Information security professionals are divided about the role of auditors in securing business
Auditors can be friends of good security, or its foe, according to the Infosec Big Debate at Infosecurity Europe 2013.
Speaking for the motion “Is the auditor a bigger threat to information security than the cybercriminal,” Paul Simmonds, board member of the Jericho Forum, argued that auditors are incentivised to maximise their billable hours, and so to find faults in the companies they are auditing.
This, in turn, can lead to a checklist or flowchart approach that is often based on outdated, and irrelevant security practices. Worse still, companies can be force to address perceived shortcomings in order to clear audit points, diverting time and resources from tackling the real security threats.

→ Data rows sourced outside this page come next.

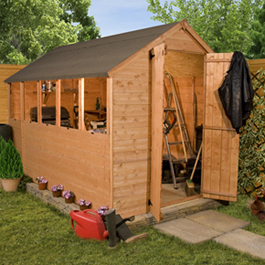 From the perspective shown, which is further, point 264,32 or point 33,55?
point 264,32

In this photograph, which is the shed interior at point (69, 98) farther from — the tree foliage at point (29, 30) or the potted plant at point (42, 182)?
the tree foliage at point (29, 30)

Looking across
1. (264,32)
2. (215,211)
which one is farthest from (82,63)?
(264,32)

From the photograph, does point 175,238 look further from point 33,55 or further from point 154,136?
point 33,55

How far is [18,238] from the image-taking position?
16.6 ft

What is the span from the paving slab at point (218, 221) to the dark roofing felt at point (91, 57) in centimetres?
262

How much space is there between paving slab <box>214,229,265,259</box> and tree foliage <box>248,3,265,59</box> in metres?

Opposing the motion, Jitender Arora, senior programme manager for security and risk at GE Capital Europe, argued that auditors were stakeholders that shared a similar set of objectives to him: protecting the business. Security professionals should work with both internal and external auditors to identify any vulnerabilities or risks, and to ensure that they are addressed.
The shared objective, he pointed out, was to detect, deter and block cybercriminals. Companies should draw on all the resources at their disposal to combat attacks, he suggested. Internal audit, in particular, can be a freely available resource to draw on to identify, and help to lock down vulnerabilities.

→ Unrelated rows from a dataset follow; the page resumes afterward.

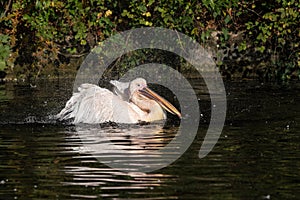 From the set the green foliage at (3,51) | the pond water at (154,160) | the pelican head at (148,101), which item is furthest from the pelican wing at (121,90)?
the green foliage at (3,51)

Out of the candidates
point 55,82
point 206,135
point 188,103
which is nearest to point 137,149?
point 206,135

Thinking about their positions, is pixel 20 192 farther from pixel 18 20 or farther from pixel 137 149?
pixel 18 20

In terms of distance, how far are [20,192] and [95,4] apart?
11.4m

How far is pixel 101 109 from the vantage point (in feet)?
41.4

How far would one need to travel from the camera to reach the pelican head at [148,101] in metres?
13.2

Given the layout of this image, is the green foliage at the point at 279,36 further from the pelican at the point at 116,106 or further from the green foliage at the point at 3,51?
the pelican at the point at 116,106

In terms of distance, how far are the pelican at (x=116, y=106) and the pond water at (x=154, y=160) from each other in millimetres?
294

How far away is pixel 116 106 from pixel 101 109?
266mm

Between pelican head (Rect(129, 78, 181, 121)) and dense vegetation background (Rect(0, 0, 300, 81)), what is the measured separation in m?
4.43

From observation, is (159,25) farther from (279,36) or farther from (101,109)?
(101,109)

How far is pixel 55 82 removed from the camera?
18516mm

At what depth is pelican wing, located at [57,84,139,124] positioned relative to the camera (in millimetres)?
12672

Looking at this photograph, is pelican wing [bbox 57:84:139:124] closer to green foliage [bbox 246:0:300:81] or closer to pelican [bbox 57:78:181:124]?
pelican [bbox 57:78:181:124]

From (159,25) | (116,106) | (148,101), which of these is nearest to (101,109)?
(116,106)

None the less, Simmonds argued that auditors often emphasise the wrong measures.
“Irrelevant audit points get escalated so they have to be fixed tomorrow. Clearing audit points becomes the priority rather than fixing holes hackers can walk though,” he said.

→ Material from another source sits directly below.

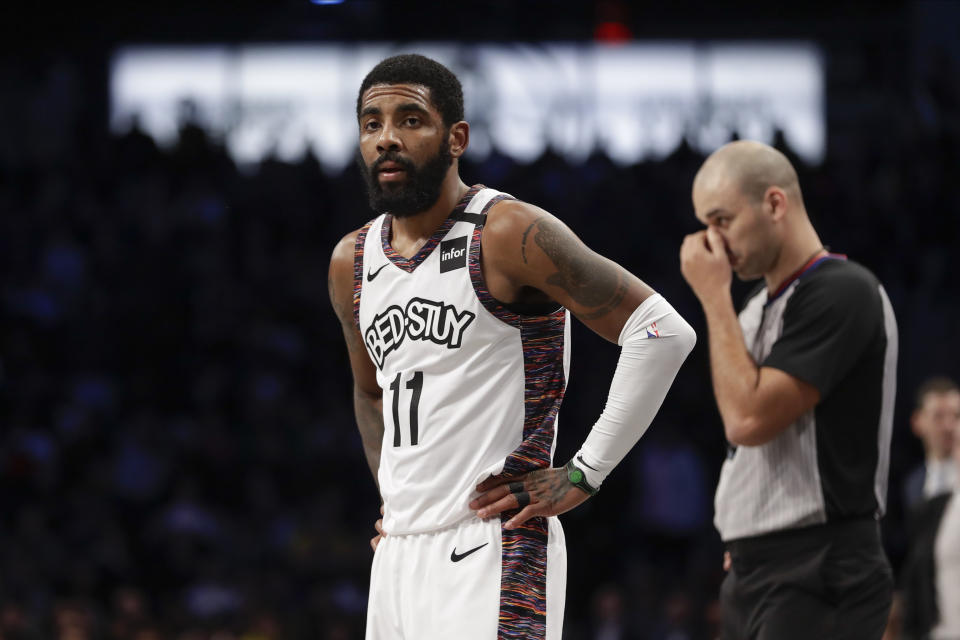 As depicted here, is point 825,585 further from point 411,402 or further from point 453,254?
point 453,254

“Auditors cause more losses to companies as they are forced to put in solutions that are expensive and irrelevant to the business, taking security budget away from the things that are relevant to the business. You are unable to put in place the things that you have defined as strategic,” he added.
“If you do not want your security strategy dictated by a 1990s check list, forced to spend that hard fought-for budget on non-strategic measures, if you want to downgrade your security due to knee jerk reaction to audit points, support this,” he said.
But Arora countered: “If someone says there are problems I don’t get defensive about it. If there is trust established, we are both trying to protect what matters to us: the organisation’s interests. What we need to do is build a healthy relationship,” he said.
Summing up, debate chair Dan Houser advised: “Don’t blindly accept auditors. Work with internal audit so that an external audit doesn’t bring you surprises.”